Un voleur, mafieux et chef de gang, amateur de bonne chère, (Michael Gabon) crée un restaurant avec un chef fameux (interprété par Richard Bohringer). Il s’y goinfre chaque soir avec sa bande, en compagnie de sa femme qui ne supporte plus sa vulgarité. Le voleur est particulièrement odieux avec elle. Sans broncher elle subit ses diktats mais finit par le tromper avec un client régulier, libraire, aimable, raffiné. Bien plus complexe qu’un simple vaudeville, Le Cuisinier, le Voleur sa Femme et son Amant est basé sur une idée simple, le cannibalisme. Le film exploite la thématique dans toutes les directions inimaginables, il ne se limite pas au simple fait de manger de la chair humaine mais débouche sur quelque chose de plus vaste : lorsqu’on a finit de dévorer tout ce qu’il y a à manger dans le monde, il ne reste plus qu’à s’entre dévorer…

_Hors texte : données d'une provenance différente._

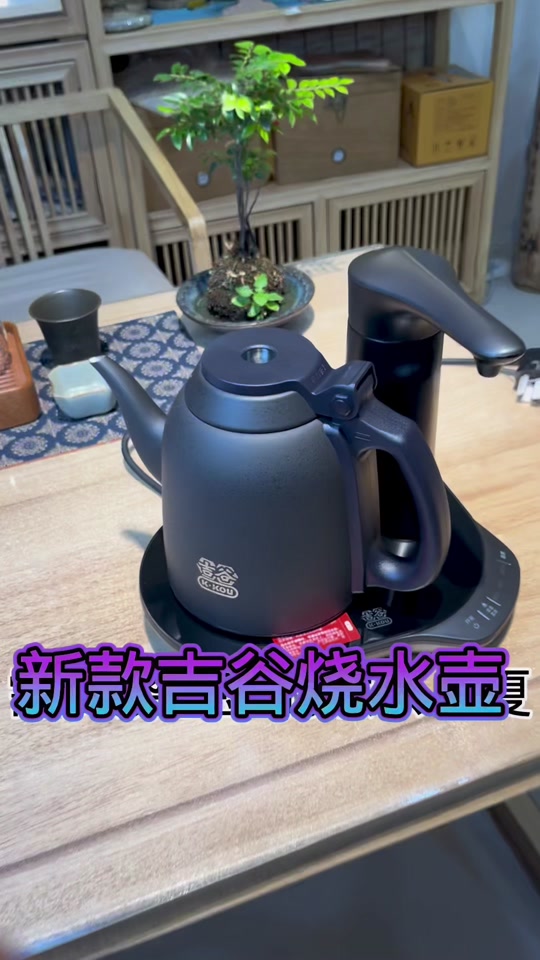 吉谷纯钛烧水壶 - 抖音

Greenaway, en adepte du ténébrisme s’inspire beaucoup de la peinture en clair-obscur du Caravage pour l’éclairage du restaurant et des sept couleurs définies par Isaac Newton dans sa théorie de l’optique. L’utilisation des couleurs, particulièrement importantes donne corps au contexte, au décor et à la structure du Cuisinier… Le bleu nuit du parking, la cuisine verte, le restaurant où prédomine le rouge, les toilettes d’une blancheur immaculée… 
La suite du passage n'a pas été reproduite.